Mekong handicraft villages face labour shortage
Phu Tan Handicraft Village in An Giang Province. Many handicraft villages face a labour shortage as young people leave rural areas to take jobs at industrial parks. — VNS File Photo |
Traditional artisans who rely on the high water season to make handicrafts have been the hardest hit, with many households suspending operations.
The number of households that make fish hooks in Long Xuyen Town, for example, has fallen to fewer than 10 families from several hundred 20 years ago.
Only women are doing the job now, as young people continue to leave for factories and industrial parks.
A handicraft village that made bamboo fish traps in An Phu District faced the same challenge, two years after the Con Coc traditional fish trap village in the district had to suspend operations.
As a result, all of the workers in the two fish trap-making cooperatives lost their jobs.
Nguyen Minh Tri, chairman of the Phuoc Hung Commune Farmers Association, said that more than 70 per cent of young people who earn their living by making fish traps have quit to look for jobs, mainly at industrial complexes in other localities.
Figures reveal that in the high-water season of 2016, over 800 labourers from Vinh Hoi Dong Commune registered to seek jobs in other localities, but the actual figure could be higher, according to Nguyen Van Tung, deputy chairman of Vinh Hoi Dong Commune People’s Committee in An Phu District.
He said that two-thirds of the number of workers aged between 18 and 45 have sought job opportunities far from home.
“Efforts to offer vocational training and preservation of traditional handicrafts have been ineffective,” Tung said.
The traditional handicraft villages specialising in glutinous rice chapatti and hearths for cooking in Phu Tan District now employ mostly older people.

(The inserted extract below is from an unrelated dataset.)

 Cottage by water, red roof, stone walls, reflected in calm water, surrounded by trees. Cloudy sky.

Nguyen Thi A, owner of a hearth at a cooking facility in Phu Tan District’s Phu Tho Commune, said most of her younger workers had sought better jobs at industrial parks.

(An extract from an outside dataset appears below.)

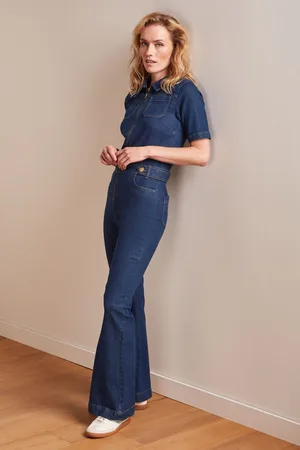 King Louie Flare Onyx Denim Jumpsuit in tiefem Blau.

Cho Moi District in the province has 13 traditional handicraft villages, with a total of 3,500 households and over 7,600 labourers.
Two-thirds of them earn a living in woodwork and carpentry, according to figures from the Cho Moi District People’s Committee.
“We’ve found it very difficult to attract young labourers to these villages in rural areas,” said Pham Van Duong, head of the Economics and Infrastructure Division of Cho Moi District.
Recruitment efforts
Employment opportunities at industrial parks have also caused challenges to vocational training, labour management and handicraft village development, according to Nguyen Van Hop, deputy head of the Tan Chau Town’s Division of Labour, Invalids and Social Affairs.
Most of the traditional handicraft villages in Tan Chau Town, such as the My A satin weaving village; the Cham Chau Phong brocade-making village, and the Uzu sedge-mat making village, are no longer operating.
The main cause behind the disintegration has been the departure of young residents, Duong said.
To save the villages, he said that authorities must organise vocational courses for workers and create development plans for the handicraft villages.
To attract workers, salaries at the villages must be higher than the pay for workers at industrial parks, he said.
The quality of vocational courses provided to labourers at handicraft villages needs to be improved as well, Duong added.
Vo Thi Lien, director of a centre for stimulating industry and industrial development in the province, said the 28 traditional handicraft villages that still exist in the province face a limited labour force.
The responsibility to attract workers is with the An Giang Department of Industry and Trade, Department of Agriculture and Rural Development, and the Department of Labour, Invalids and Social Affairs, according to Lien.